I am trying to do fuzzy string matching to get as more matches as I can. First I execute the Levenshtein Distance Algorithm (http://www.kodyaz.com/articles/fuzzy-string-matching-using-levenshtein-distance-sql-server.aspx) and store it as "distance" in my dbo.
My first table (t1) looks like this:
Name | Synonym
A | A1
A | A2
A | A3
B | B1
B | B2
My second table (t2) looks like this: The ID field may look like Name and Synonym very much
ID | Description
A | XXX
B | YYY
My goal is to make left joins either on the Name or its Synonyms when the distance between 2 strings from each table (t1 and t2) are smaller than 2.
Here is my current work:
SELECT *
FROM (
SELECT t2.ID, ROW_NUMBER() over (partition by ID order by ID) as rn
FROM table1 as t1
LEFT JOIN table2 as t2
ON (upper(trim(t1.Name)) = upper(trim(t2.ID)) OR upper(trim(t1.Synonym)) = upper(trim(t2.ID)))

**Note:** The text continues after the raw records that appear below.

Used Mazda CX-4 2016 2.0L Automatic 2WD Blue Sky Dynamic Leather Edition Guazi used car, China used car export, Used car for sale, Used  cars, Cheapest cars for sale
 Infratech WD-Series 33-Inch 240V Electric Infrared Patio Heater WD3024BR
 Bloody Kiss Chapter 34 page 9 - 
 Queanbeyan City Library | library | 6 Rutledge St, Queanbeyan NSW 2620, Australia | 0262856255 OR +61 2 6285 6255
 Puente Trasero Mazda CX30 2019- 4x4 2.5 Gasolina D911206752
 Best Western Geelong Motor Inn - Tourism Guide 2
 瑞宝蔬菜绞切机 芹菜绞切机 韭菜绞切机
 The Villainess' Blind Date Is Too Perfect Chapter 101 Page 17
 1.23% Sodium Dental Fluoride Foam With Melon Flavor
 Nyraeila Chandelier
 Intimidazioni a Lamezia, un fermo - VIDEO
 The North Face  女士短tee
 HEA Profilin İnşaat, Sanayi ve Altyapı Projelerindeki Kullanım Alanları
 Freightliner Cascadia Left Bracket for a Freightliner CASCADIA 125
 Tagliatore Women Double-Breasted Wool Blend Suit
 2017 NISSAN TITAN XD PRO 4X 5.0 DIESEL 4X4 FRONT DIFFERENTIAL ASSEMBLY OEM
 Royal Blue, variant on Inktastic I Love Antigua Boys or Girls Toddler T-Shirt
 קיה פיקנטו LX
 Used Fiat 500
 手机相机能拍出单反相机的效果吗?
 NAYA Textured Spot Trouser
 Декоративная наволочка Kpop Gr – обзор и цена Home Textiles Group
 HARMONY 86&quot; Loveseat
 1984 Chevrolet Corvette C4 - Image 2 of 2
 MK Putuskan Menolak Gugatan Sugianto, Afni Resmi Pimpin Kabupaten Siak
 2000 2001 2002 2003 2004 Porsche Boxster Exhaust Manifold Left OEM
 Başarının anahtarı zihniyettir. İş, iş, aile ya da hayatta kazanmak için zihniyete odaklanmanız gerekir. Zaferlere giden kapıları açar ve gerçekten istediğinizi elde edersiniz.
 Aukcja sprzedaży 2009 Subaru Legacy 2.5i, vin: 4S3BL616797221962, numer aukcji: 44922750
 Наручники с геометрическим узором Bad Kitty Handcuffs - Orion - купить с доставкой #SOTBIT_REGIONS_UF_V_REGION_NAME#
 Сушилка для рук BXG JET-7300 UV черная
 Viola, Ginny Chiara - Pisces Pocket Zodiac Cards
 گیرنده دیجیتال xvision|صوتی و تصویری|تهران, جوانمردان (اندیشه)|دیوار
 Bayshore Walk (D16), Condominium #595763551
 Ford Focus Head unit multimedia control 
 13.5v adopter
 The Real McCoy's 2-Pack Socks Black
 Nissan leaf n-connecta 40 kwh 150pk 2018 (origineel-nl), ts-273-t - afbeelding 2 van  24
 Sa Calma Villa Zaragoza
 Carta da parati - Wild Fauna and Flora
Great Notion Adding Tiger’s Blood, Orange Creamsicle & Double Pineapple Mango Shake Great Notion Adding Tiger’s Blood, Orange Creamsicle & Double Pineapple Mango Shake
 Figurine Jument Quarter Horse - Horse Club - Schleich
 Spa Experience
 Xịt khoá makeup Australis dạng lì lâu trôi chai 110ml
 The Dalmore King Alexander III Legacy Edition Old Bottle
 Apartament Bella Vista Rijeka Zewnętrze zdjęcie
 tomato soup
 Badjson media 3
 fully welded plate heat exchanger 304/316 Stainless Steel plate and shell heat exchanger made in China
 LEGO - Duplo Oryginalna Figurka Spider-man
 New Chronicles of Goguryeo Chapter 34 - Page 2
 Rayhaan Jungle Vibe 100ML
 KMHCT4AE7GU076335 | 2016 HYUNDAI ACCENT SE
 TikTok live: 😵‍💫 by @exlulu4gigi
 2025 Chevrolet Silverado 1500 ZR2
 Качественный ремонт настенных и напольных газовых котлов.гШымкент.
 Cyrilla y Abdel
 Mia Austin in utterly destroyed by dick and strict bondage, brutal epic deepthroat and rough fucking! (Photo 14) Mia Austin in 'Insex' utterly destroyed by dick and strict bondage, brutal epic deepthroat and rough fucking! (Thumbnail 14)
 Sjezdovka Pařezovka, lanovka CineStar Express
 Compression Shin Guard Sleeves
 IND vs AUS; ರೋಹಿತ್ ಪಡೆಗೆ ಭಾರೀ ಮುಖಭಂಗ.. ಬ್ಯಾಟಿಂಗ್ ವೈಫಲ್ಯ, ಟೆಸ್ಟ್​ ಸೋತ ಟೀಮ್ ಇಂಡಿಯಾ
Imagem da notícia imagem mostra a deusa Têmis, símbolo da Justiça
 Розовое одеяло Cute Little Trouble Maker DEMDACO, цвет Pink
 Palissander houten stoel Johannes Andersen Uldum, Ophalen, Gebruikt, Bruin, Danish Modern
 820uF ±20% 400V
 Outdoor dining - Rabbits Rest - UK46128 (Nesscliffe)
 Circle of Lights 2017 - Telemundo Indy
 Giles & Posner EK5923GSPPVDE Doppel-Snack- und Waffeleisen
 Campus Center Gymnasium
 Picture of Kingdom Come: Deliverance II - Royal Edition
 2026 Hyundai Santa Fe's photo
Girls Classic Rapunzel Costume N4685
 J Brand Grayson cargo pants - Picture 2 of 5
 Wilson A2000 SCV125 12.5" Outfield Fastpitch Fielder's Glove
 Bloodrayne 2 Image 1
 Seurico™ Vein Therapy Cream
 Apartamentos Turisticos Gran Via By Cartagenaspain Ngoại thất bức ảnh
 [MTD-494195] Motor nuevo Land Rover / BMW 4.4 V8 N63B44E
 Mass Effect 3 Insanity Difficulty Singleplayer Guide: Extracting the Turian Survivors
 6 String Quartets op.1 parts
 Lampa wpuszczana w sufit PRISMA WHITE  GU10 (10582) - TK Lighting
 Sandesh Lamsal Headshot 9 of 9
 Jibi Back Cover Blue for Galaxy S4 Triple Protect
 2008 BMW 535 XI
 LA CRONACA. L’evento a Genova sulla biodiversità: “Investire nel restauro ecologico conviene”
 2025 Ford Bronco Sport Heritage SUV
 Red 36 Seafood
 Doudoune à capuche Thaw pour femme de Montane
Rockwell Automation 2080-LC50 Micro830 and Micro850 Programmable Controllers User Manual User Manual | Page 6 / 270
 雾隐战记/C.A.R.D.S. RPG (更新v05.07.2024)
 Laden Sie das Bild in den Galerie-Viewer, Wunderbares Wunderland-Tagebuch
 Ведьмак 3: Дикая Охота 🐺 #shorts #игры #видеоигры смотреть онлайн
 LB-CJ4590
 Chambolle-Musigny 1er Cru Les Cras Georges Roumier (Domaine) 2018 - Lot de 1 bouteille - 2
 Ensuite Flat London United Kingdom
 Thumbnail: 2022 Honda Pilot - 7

WHERE (dbo.distance(t1.Name,t2.ID)<=2 OR dbo.distance(t1.Synonym,t2.ID)<=2)
) temp
WHERE rn=1
Ideally, as long as their distance is smaller than 2, we will still doing the join.
It should get more matches by adding that condition, however it doesn't.
Am I missing anything here?
I was wondering if my problem is coming from this:
My intention is to see if the conditions meet, if so then just do the join. But my code here probably tells SQL to "join first", and the filter it afterwards.
Is there a way to let it see if the condition qualifies and then do the join "after"?